About this exercise:
Only the lines from the one bearing "3d rendering of" through the end of the entries should be output, exactly as they stand, and pictures should be skipped.

Data supplied:
——

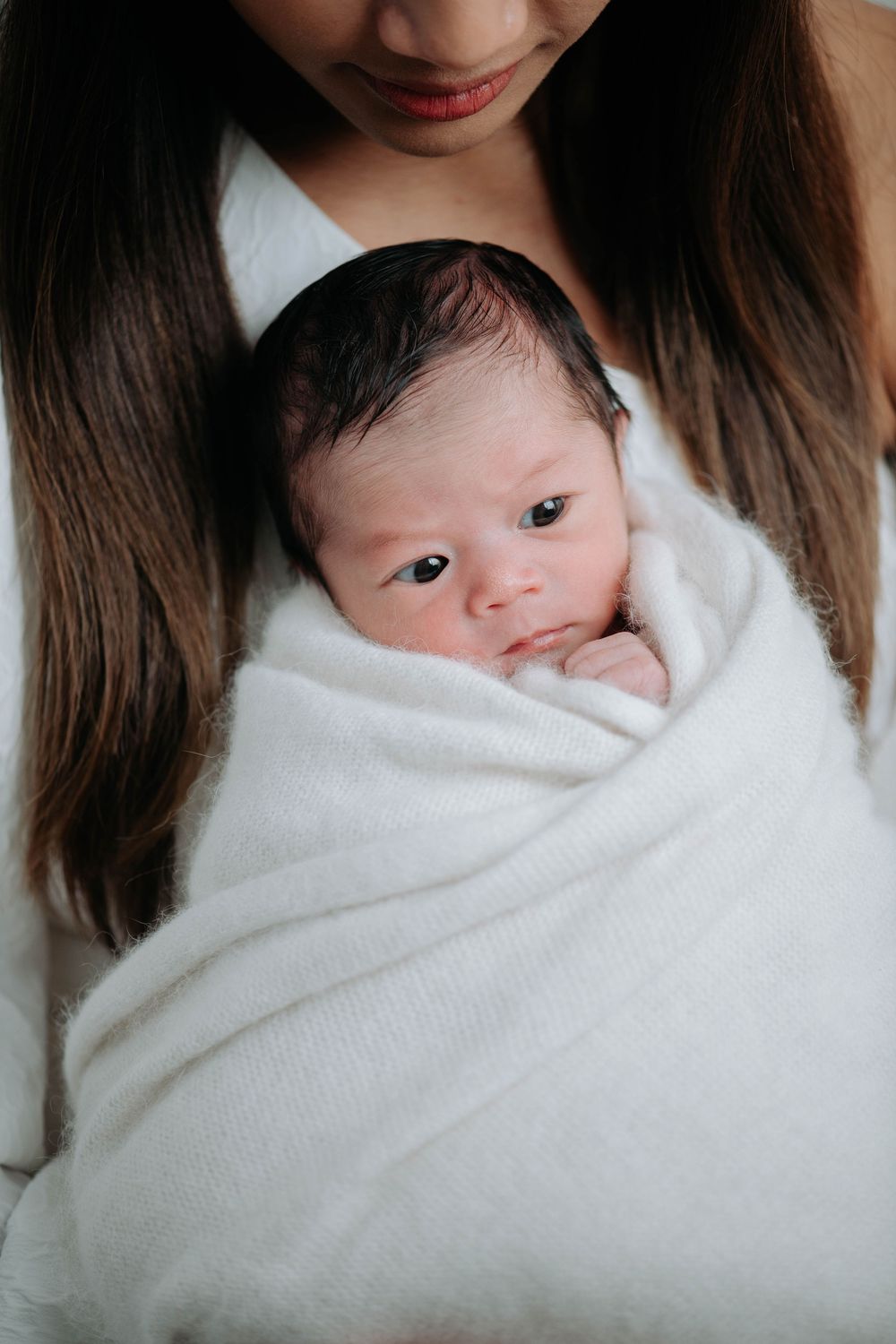 Close-up views of a newborn baby swaddled in a soft white blanket while being held by someone in white.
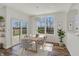 Bright dining area with sliding door access to the backyard, perfect for indoor-outdoor living at 4941 Oak Hill Dr, Lebanon, IN 46052
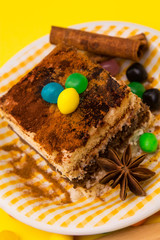 Tiramisu dish with cinnamon and candies on yellow background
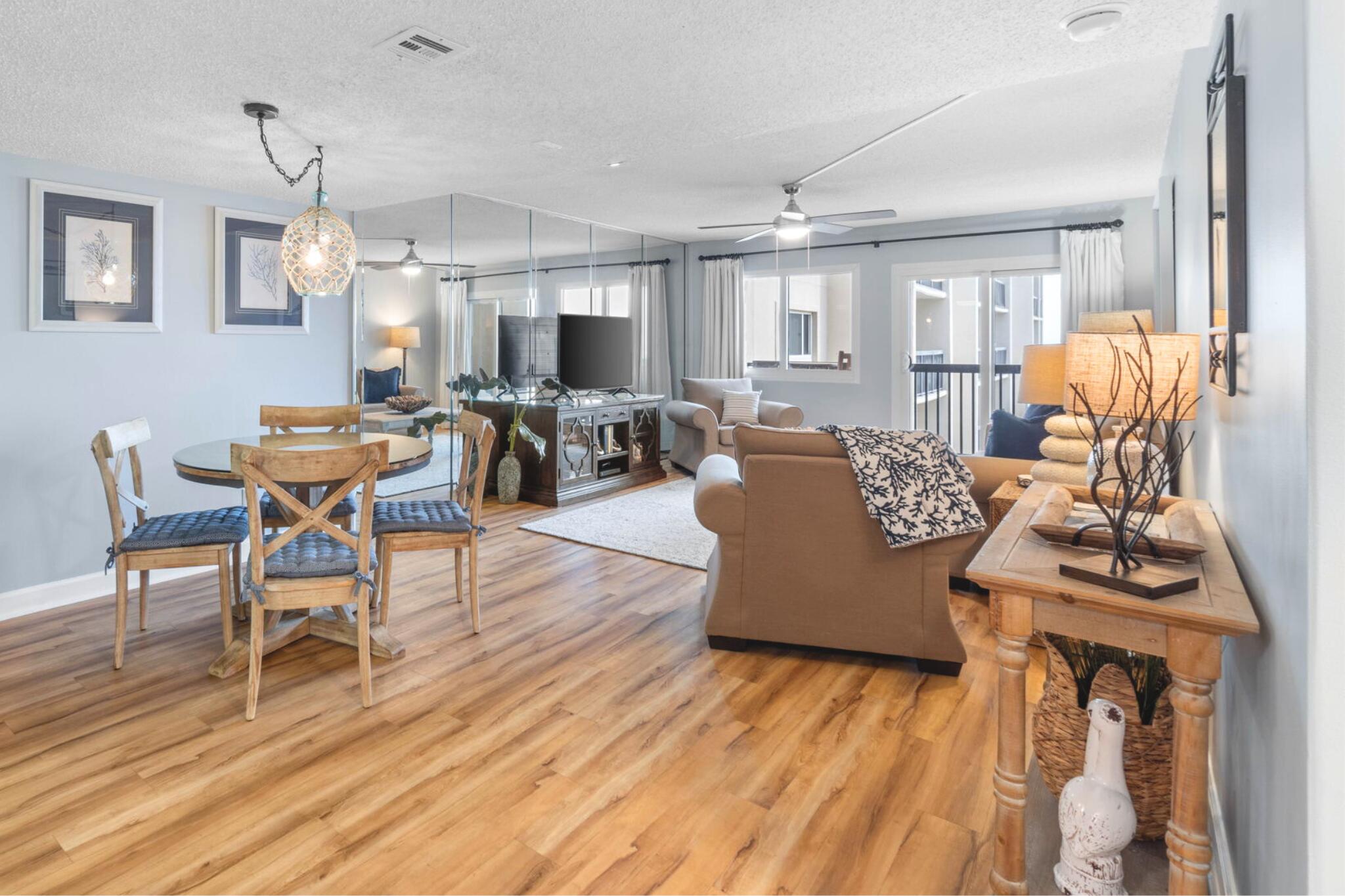 23223 Front Beach Road, Unit 308 Panama City Beach, FL 32413 - Photo 2 of 18 a living room with furniture and wooden floor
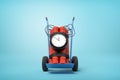 3d rendering of big dynamite bundle with time bomb on blue hand truck on light-blue background. Royalty Free Stock Photo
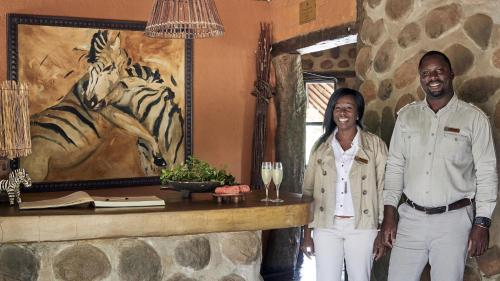 a man and a woman standing in a room with a painting of zebras at Motswari Private Game Reserve by NEWMARK in Timbavati Game Reserve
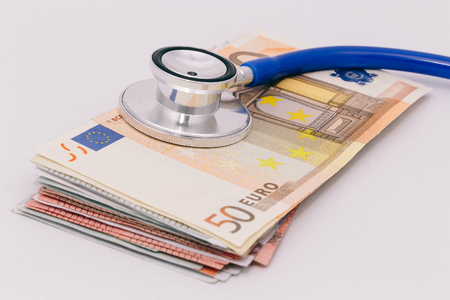 The head of a stethoscope on a stack of fifty euro notesの写真素材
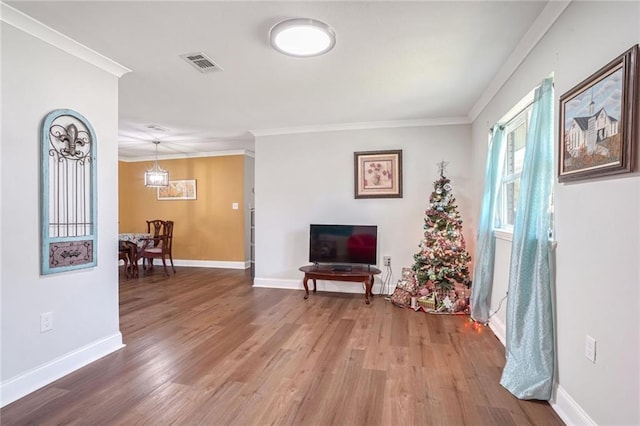 sitting room with wood-type flooring, an inviting chandelier, and crown molding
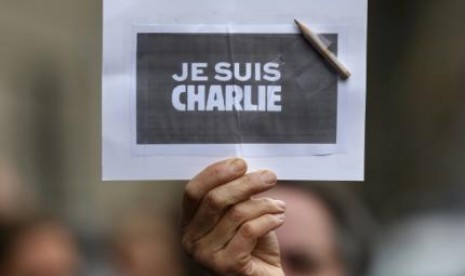 Seorang pria memegang pensil dan kartu sebagai bentuk penghormatan terhadap korban tewas di kantor Charlie Hebdo. 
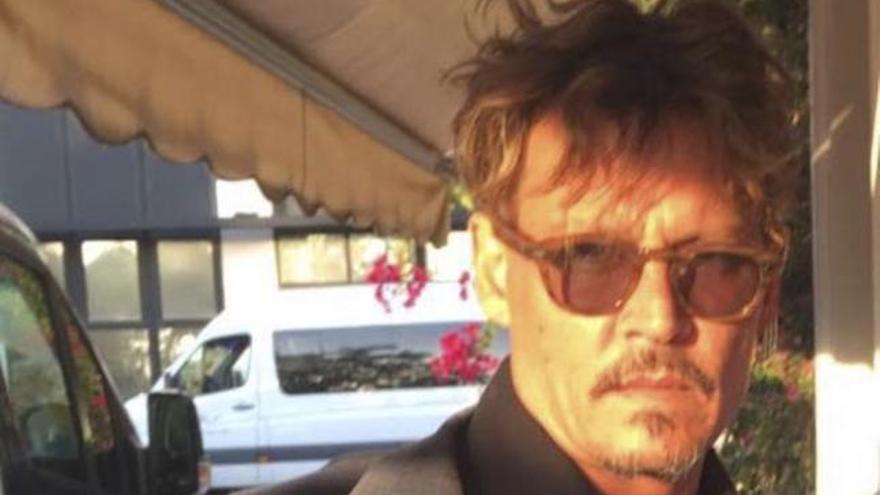 El actor Johnny Depp termina unas largas vacaciones en Ibiza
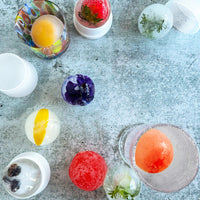 Edible flowers, fruit, herbs,  and berries make for memorable cocktails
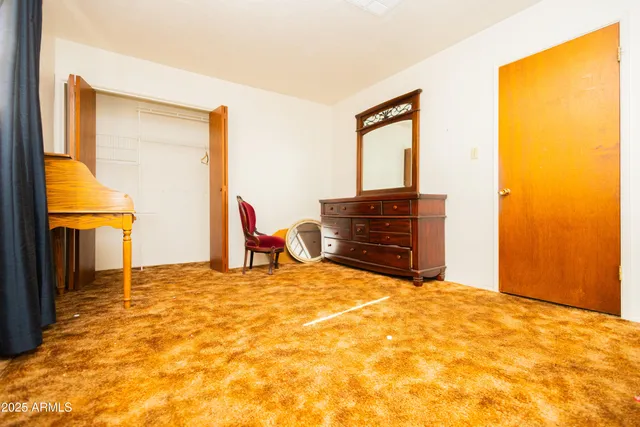 a view of an empty room with a fireplace and a window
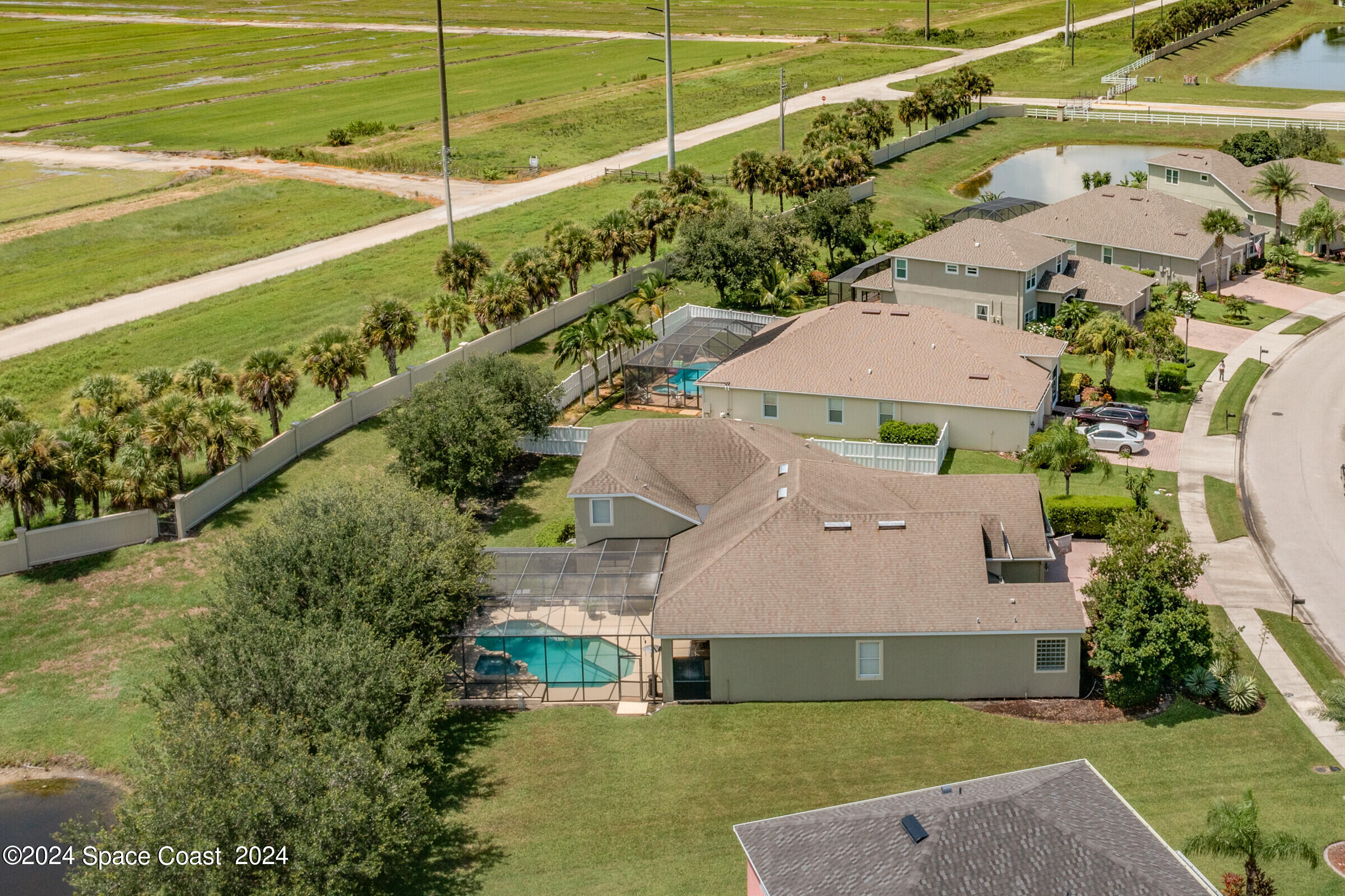 5972 Goleta Circle Melbourne, FL 32940 - Photo 55 of 56 a aerial view of a house with a yard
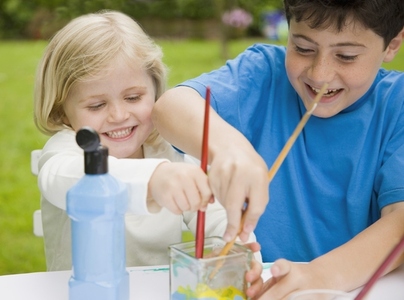 Young boy and young girl painting and smiling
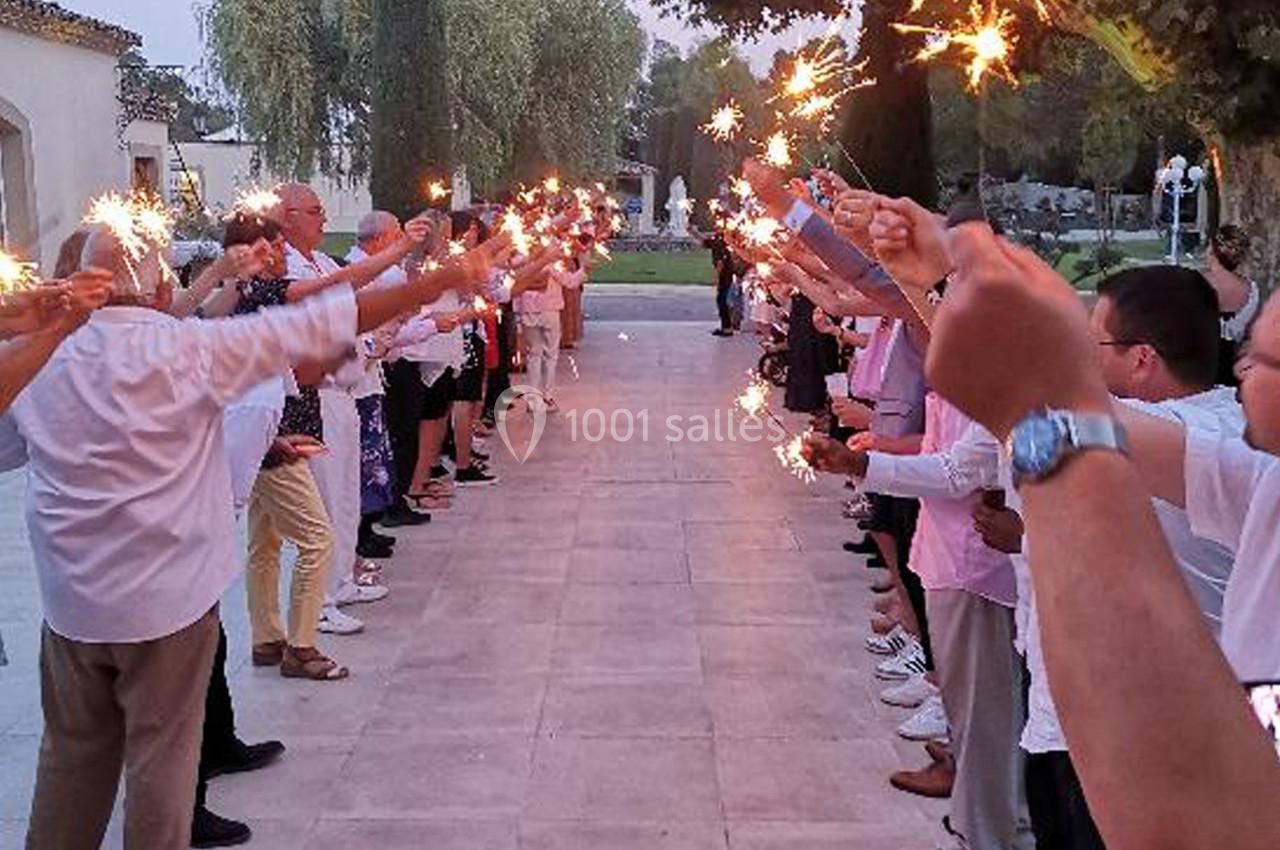 Des personnes alignées des deux côtés d'une allée tiennent des cierges magiques allumés au crépuscule.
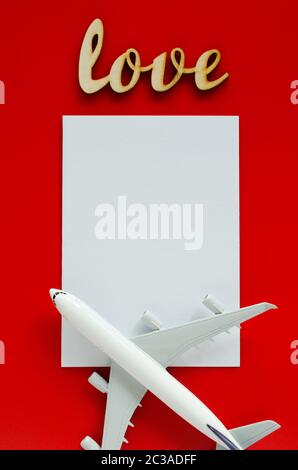 Travel planning on Valentines day . Travel concept, mockup. Blank white paper, inscription love and model of passenger plane on red background. Top vi Stock Photo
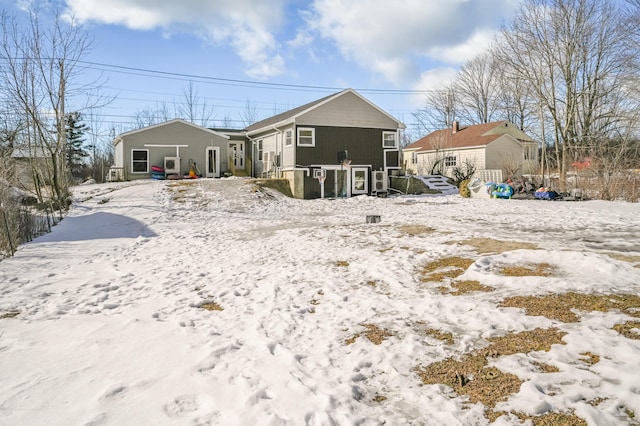 view of snow covered back of property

——

Completed exercise:
 3d rendering of big dynamite bundle with time bomb on blue hand truck on light-blue background. Royalty Free Stock Photo
 a man and a woman standing in a room with a painting of zebras at Motswari Private Game Reserve by NEWMARK in Timbavati Game Reserve
 The head of a stethoscope on a stack of fifty euro notesの写真素材
 sitting room with wood-type flooring, an inviting chandelier, and crown molding
 Seorang pria memegang pensil dan kartu sebagai bentuk penghormatan terhadap korban tewas di kantor Charlie Hebdo. 
 El actor Johnny Depp termina unas largas vacaciones en Ibiza
 Edible flowers, fruit, herbs,  and berries make for memorable cocktails
 a view of an empty room with a fireplace and a window
 5972 Goleta Circle Melbourne, FL 32940 - Photo 55 of 56 a aerial view of a house with a yard
 Young boy and young girl painting and smiling
 Des personnes alignées des deux côtés d'une allée tiennent des cierges magiques allumés au crépuscule.
 Travel planning on Valentines day . Travel concept, mockup. Blank white paper, inscription love and model of passenger plane on red background. Top vi Stock Photo
 view of snow covered back of property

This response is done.